Military License required

Army 5 ton with 5 speed, 3 speed brownie, 2 speed axle

Specialist E-5  Crow was the peremptory of the motor pool and was diligent in his duty of insuring every truck returning from the field was properly imbued.   Upon instructions,  Gary was ordered by Crow to facilitate the wash-rack with his and Clark’s assigned  5 ton test-van.   The PFC un-ceremonially having to decline,  the consternation of the E-5 was apparent until being informed by PFC Willson that he didn’t possess a military drivers license and it would be a violation for him to get behind the wheel.   Arrangements were hastily scheduled, finding the Spec-5 Crown instructing the PFC to report for instructions and a driving test on the 5 ton.  Willson, tongue in cheek,  pleading  inhibition difficulties with the shifting of the 5 speed, 3 speed brownie and 2 speed axle, a somewhat frustrated Crow insisting he would render further instruction until achievement was accomplished.   It was during the third journey of instruction the PFC deciding it was time to halt the ruse,  finally relenting,  double-clutching  thru the gears utilizing the 3 speed browning, and engaging the 2 speed axle,  thwarting the ten-wheeler back to the motor pool.  Disembarking from his now washable charge, trying not to acknowledge the look on the face of an astringent instructor, realizing that he was a marked man on Spec-5 Crow’s duty-list.

A beckoning friend

The town of Lawton was imperceptible, now devoid of acquaintances, the CEMMC-2 menagerie having departed, Gary as of yet discovering any collective substitutes, but a long neglected friend was available, an understanding mentor of solace and a comforter of charge.  His fingers moved,  beckoning a response, questioning, would it still kindle recognition and free the bonds of certainty.   Immured not, it knew no horizon,  lifting its  inner confines to the outreach of  Nirvana,  he harnessed the challenge contending it compulsion and alas, it was again instilled, his friend the piano beckoned.  The Ft.

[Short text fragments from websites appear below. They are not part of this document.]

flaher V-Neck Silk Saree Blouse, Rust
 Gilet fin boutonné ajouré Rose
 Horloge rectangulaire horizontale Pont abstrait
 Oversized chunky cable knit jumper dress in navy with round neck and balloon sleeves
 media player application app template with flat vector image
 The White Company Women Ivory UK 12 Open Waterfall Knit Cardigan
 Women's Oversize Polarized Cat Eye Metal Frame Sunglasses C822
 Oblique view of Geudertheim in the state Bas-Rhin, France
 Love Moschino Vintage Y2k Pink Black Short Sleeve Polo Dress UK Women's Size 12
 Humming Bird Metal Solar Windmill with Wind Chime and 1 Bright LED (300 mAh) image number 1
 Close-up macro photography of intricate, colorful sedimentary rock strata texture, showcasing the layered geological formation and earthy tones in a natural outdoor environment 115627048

Sill service club and music room filled the PFC’s evenings several nights per week.  This particular night a well dressed person in civilian clothes entered the enclosed music room, sitting, listening to various structured musical sounds emitting from the piano.  Upon conclusion, the person introduced himself,  addressing the virtuoso about the possible financial reward for executing these very same sounds in town.   The young soldier sitting at the piano declined the offer,  but something within,  an intuitive feeling emerging recalling a passage he had once read, “the past may dictate who we are,  but we  determine what we can become.”